PROBLEM REQUIREMENTS: An exact transcription of the lines from the one holding "Hey, this is" to the end of the entries below, and nothing more, is the required answer. Please omit the pictures.
GIVEN DATA below:
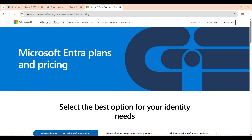Hello everyone, this is Amol and you are watching How It Works on YouTube channel. Today I am going to talk about Microsoft Entra ID.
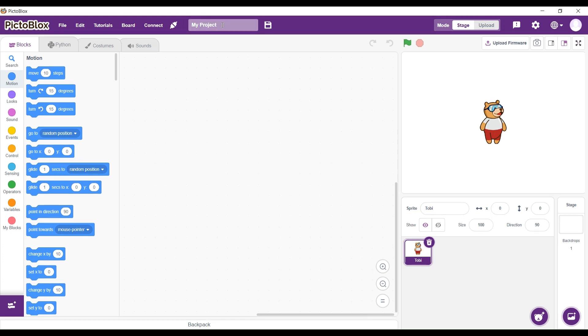Hello everyone and welcome back. Today we are going to create a project called RFID Sensor.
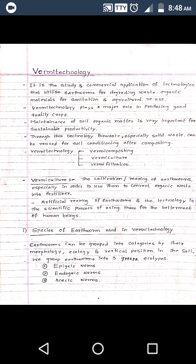These earthworms feed on organic waste and act as bioreactors where vermicast is produced. In this vermi technology, earthworms play a major role in the conversion of organic solid waste into bio-fertilizers. The organic waste is converted into bio-fertilizers through the activity of the earthworm's gut, which acts as a bioreactor.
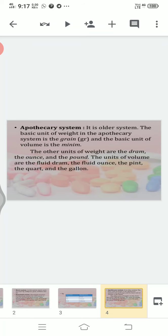The third system is the apothecary system. It is an older system and is not that much widely used nowadays. The basic unit of weight in the apothecary system is the grain, abbreviated as 'gr'. The basic unit of volume is the minim. The other units of weight are the dram, the ounce, and the pound. The units of volume are the fluid dram, the fluid ounce, the pint, the quart, and the gallon.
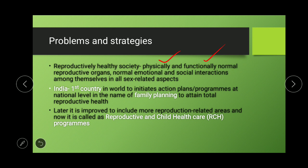In later times, the name 'Family Planning' was changed to Reproductive and Child Health Care — the RCH program. It includes more reproduction-related aspects and more topics are implemented within this program. RCH stands for Reproductive and Child Health Care.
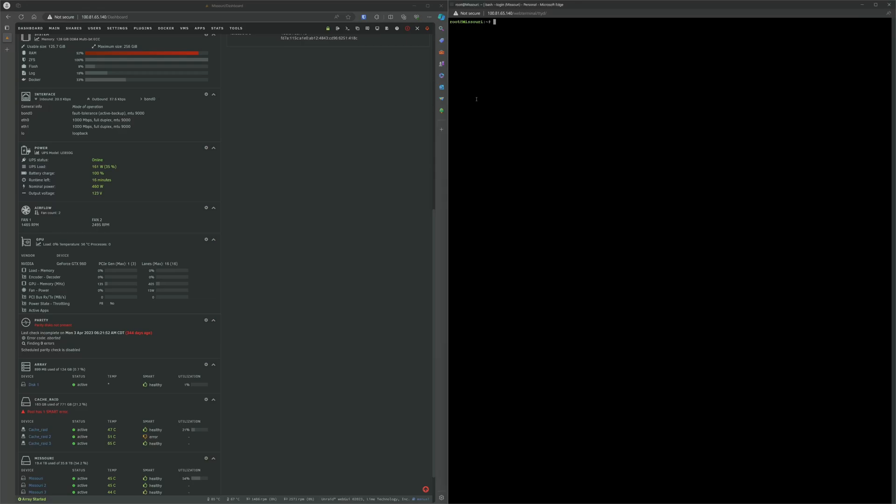Hey guys, today's going to be a quick one. We just want to see how we can adjust the NVIDIA fan speed within Unraid UI.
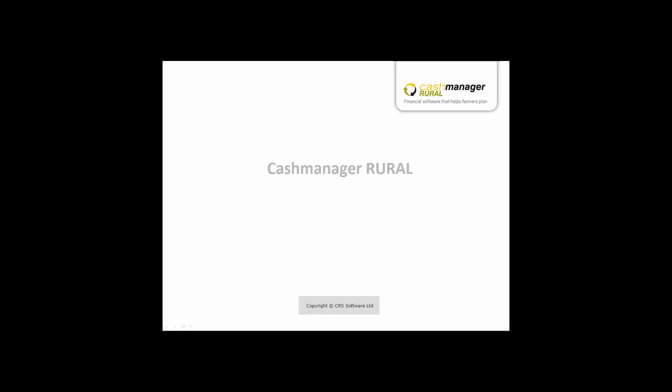Autocodes are a great time saver when coding bank transactions. This quick tutorial will guide you through how to set up autocoding in the Load Bank Transactions screen.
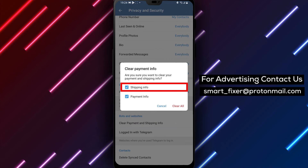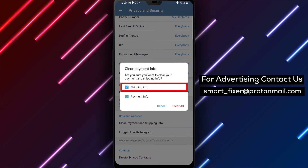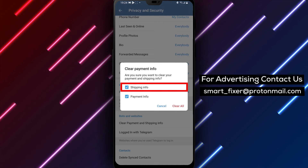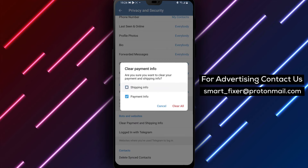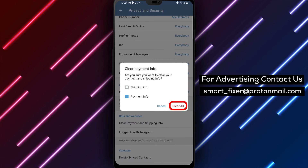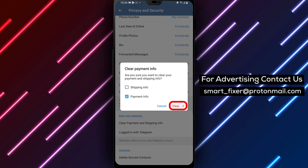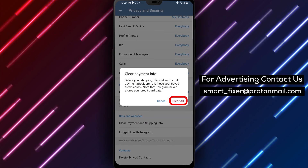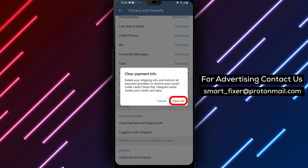Step 5: On the next screen, make sure you only select Payment Info and tap on Clear Info. This will remove any stored payment data associated with your Telegram account.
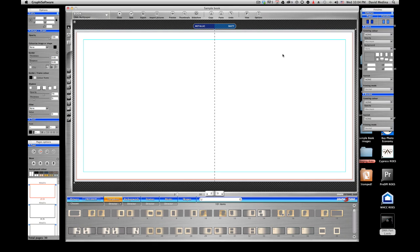Hi, this is David Medina from Hidden Key Studio in Puerto Rico. This is part two of designing a digital matted album DMA with graphics software. If you haven't seen part one, you'll go head over my YouTube page and you'll be able to find it there.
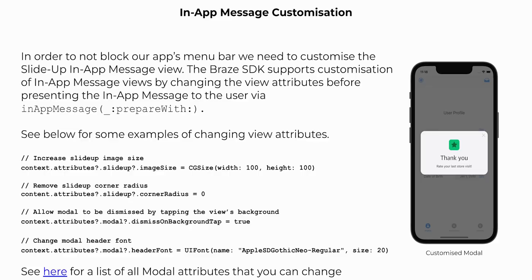We are going to change this behavior in the learning exercise on the next slide. We are going to change the standard behavior of a slide up in-app message so that the slide up no longer blocks our menu at the bottom of the screen. In order to achieve this, we need to customize the slide up in-app message view. The Braze SDK supports customization of in-app message views by changing the view attributes before presenting the in-app message to the user via the in-app message prepareWith method. Some examples include increasing the slide up image size by setting the image size attribute, and allowing the modal to be dismissed by tapping the view's background by setting the dismiss on background tap attribute to true.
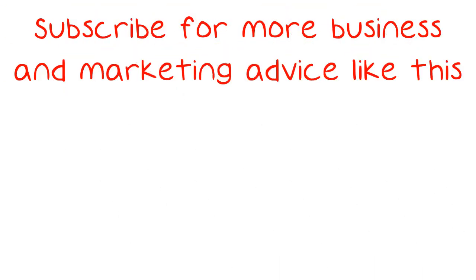Good luck! Subscribe for more business and marketing advice like this.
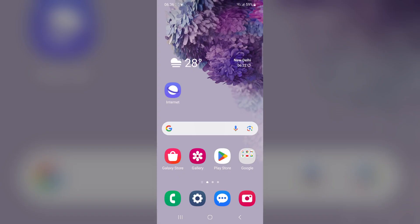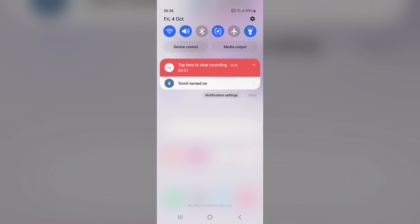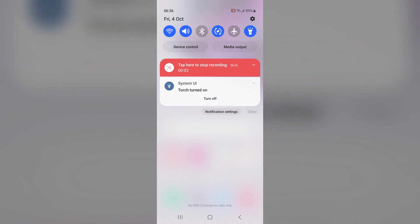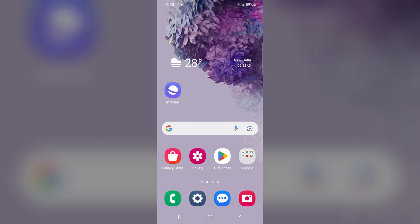Swipe down from the top of the screen to access the notification panel. Look for the flashlight notification, tap on the arrow button to open the complete notification, and tap on turn off to turn off the flashlight.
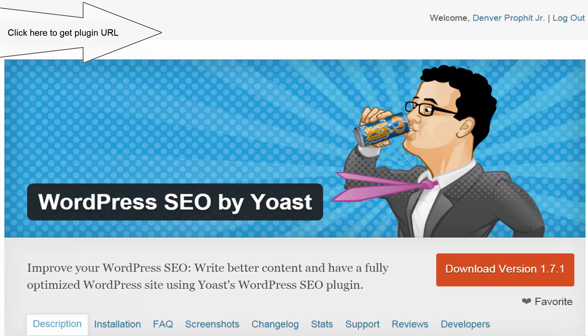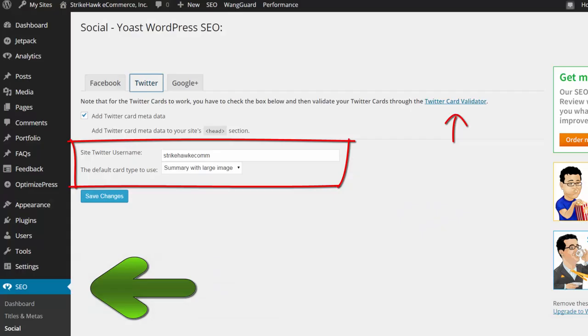The easiest way to start this is to download the WordPress SEO by Yoast and activate it in your WordPress installation. You can find the installation link on my blog post. Once you have this plugin activated, proceed to the next step.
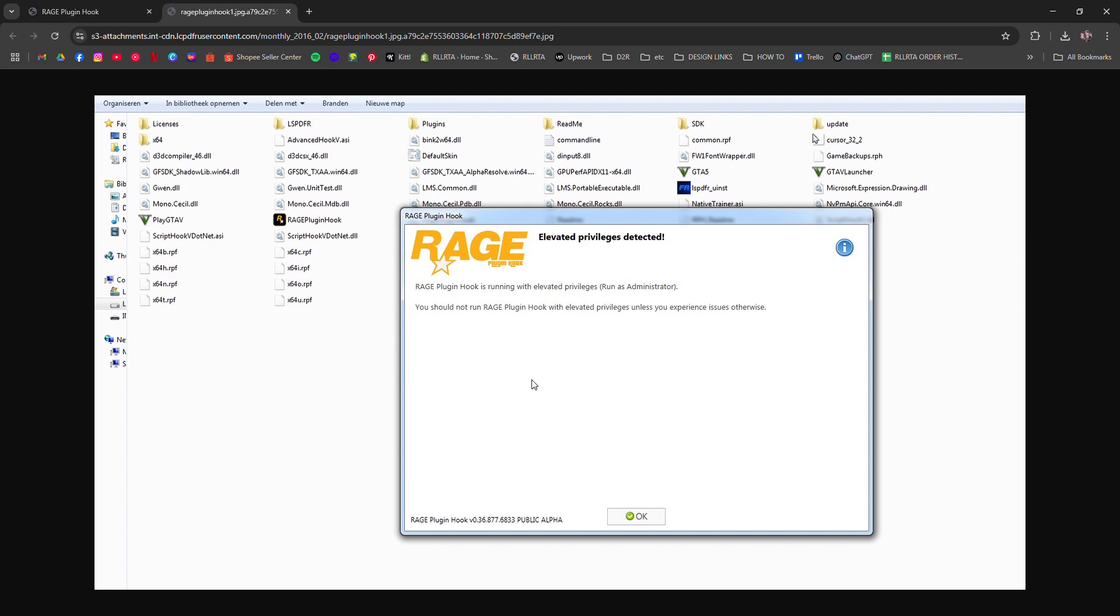Lastly, avoid launching through Steam or Rockstar Launcher shortcuts. Use the Rage EXE directly.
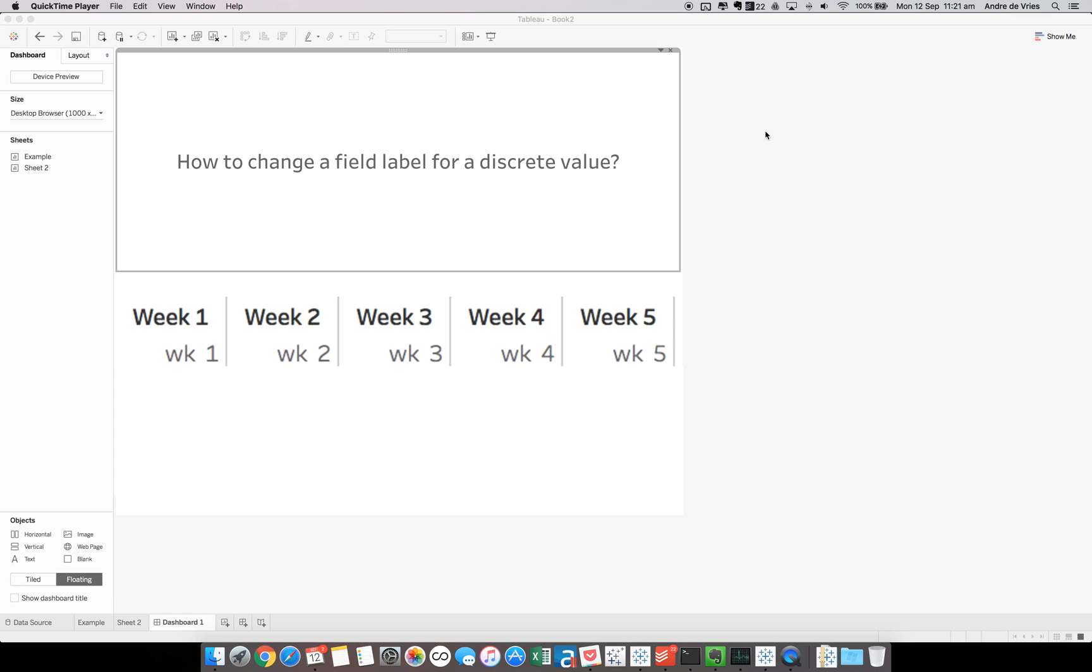Hey, this is Andre from the Information Lab. I had a really interesting question on our Information Lab support desk a while ago about how to change a field label for a discrete value. In this video I will demonstrate how I tackled that question, but let me first of all demonstrate the issue.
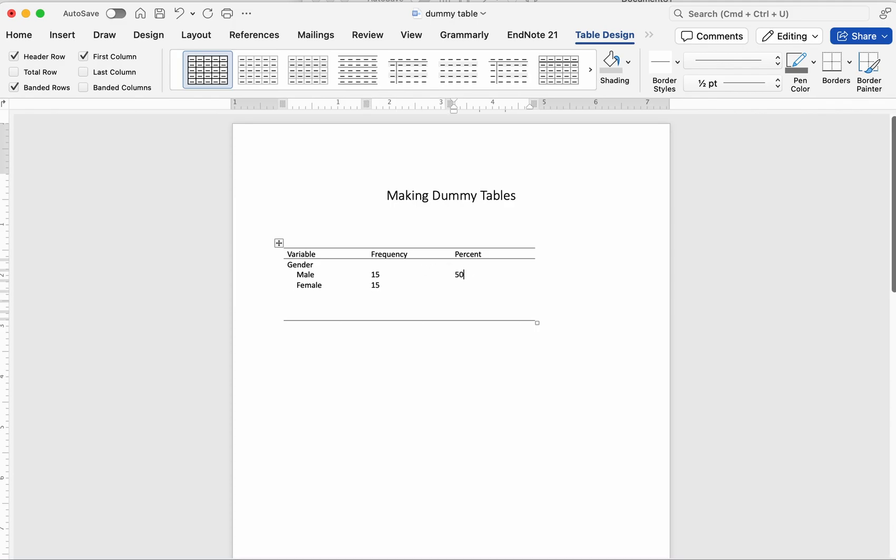And that's it. Now you know how to set up dummy tables like a pro. If this helped you, give the video a thumbs up, subscribe, and drop a comment if you want me to address any other research topic next time. See you in the next one.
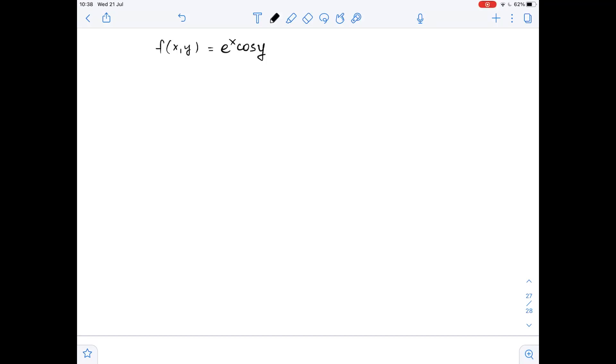Function f is given, and we need to find its first partial derivatives. Let's start by differentiating f with respect to x.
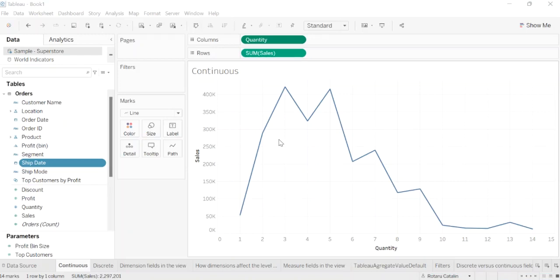My name is Rotaru Katalin and I am a data analyst at BT Provider. Today I will speak about dimensions versus measures and continuous versus discrete values.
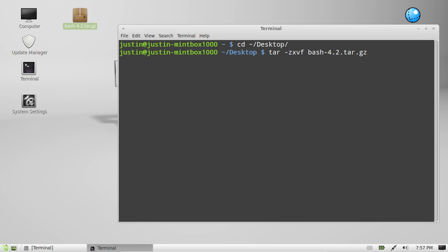Now x of course is to just extract it. V stands for verbose which means you'll get an output of display in your terminal of what's going on. Not required but nice to have.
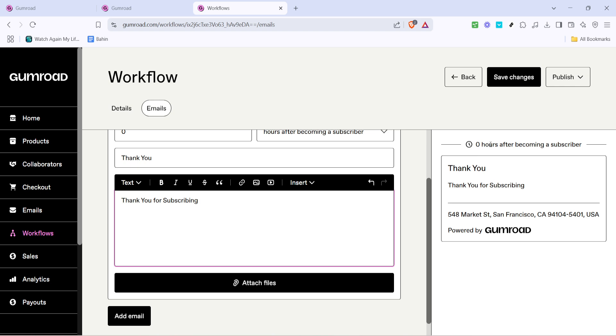And there you have it. You've successfully set up an email automation workflow on Gumroad. Whether you're welcoming new subscribers or planning future engagement strategies, this setup will be an invaluable tool in your digital marketing arsenal. Thank you for watching and be sure to subscribe for more helpful tutorials like this one.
End of GIVEN DATA.
EXERCISE RESULT:
Hey, this is Andre from the Information Lab. I had a really interesting question on our Information Lab support desk a while ago about how to change a field label for a discrete value. In this video I will demonstrate how I tackled that question, but let me first of all demonstrate the issue.
And that's it. Now you know how to set up dummy tables like a pro. If this helped you, give the video a thumbs up, subscribe, and drop a comment if you want me to address any other research topic next time. See you in the next one.
Function f is given, and we need to find its first partial derivatives. Let's start by differentiating f with respect to x.
My name is Rotaru Katalin and I am a data analyst at BT Provider. Today I will speak about dimensions versus measures and continuous versus discrete values.
Now x of course is to just extract it. V stands for verbose which means you'll get an output of display in your terminal of what's going on. Not required but nice to have.
And there you have it. You've successfully set up an email automation workflow on Gumroad. Whether you're welcoming new subscribers or planning future engagement strategies, this setup will be an invaluable tool in your digital marketing arsenal. Thank you for watching and be sure to subscribe for more helpful tutorials like this one.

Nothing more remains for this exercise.